Task objective:
Copy, exactly and without additions, every line in the records below from the one holding "Set of twelve" through the one holding "3 By Valerie", both ends included.

__________

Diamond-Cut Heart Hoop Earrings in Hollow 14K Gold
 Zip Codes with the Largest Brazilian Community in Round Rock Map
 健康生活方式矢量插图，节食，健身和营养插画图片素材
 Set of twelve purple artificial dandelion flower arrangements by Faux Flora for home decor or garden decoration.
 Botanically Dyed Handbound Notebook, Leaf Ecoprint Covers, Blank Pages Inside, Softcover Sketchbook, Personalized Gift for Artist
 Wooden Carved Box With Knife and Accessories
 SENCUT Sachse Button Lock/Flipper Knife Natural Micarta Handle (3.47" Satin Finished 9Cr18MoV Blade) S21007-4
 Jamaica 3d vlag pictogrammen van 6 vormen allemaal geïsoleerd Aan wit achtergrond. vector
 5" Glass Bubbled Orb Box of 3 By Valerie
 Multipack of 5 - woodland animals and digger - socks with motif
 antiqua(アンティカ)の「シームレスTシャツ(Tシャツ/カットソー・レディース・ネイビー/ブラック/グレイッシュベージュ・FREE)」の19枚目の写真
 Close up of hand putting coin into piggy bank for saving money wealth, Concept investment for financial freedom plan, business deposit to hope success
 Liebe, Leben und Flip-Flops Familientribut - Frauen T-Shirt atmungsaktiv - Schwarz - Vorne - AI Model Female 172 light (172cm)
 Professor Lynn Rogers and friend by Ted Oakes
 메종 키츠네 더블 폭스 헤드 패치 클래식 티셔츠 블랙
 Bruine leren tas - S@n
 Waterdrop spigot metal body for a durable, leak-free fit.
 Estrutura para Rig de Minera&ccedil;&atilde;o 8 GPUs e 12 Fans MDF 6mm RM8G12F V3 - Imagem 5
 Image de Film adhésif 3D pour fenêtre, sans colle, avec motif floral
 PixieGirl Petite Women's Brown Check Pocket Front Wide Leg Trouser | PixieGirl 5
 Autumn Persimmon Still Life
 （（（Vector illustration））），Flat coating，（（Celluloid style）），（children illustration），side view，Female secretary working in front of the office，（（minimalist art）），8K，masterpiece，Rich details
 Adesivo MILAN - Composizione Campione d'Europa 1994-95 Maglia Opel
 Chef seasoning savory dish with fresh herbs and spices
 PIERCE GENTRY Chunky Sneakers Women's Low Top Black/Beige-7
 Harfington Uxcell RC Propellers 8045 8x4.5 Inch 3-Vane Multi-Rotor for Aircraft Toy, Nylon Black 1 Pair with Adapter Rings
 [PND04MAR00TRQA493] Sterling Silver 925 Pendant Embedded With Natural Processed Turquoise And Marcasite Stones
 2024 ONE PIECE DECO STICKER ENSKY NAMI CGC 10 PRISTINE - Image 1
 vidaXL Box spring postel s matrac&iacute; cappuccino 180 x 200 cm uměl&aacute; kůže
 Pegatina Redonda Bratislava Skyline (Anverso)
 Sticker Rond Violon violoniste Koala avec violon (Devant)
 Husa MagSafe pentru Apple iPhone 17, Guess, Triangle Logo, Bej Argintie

__________

Answer section:
 Set of twelve purple artificial dandelion flower arrangements by Faux Flora for home decor or garden decoration.
 Botanically Dyed Handbound Notebook, Leaf Ecoprint Covers, Blank Pages Inside, Softcover Sketchbook, Personalized Gift for Artist
 Wooden Carved Box With Knife and Accessories
 SENCUT Sachse Button Lock/Flipper Knife Natural Micarta Handle (3.47" Satin Finished 9Cr18MoV Blade) S21007-4
 Jamaica 3d vlag pictogrammen van 6 vormen allemaal geïsoleerd Aan wit achtergrond. vector
 5" Glass Bubbled Orb Box of 3 By Valerie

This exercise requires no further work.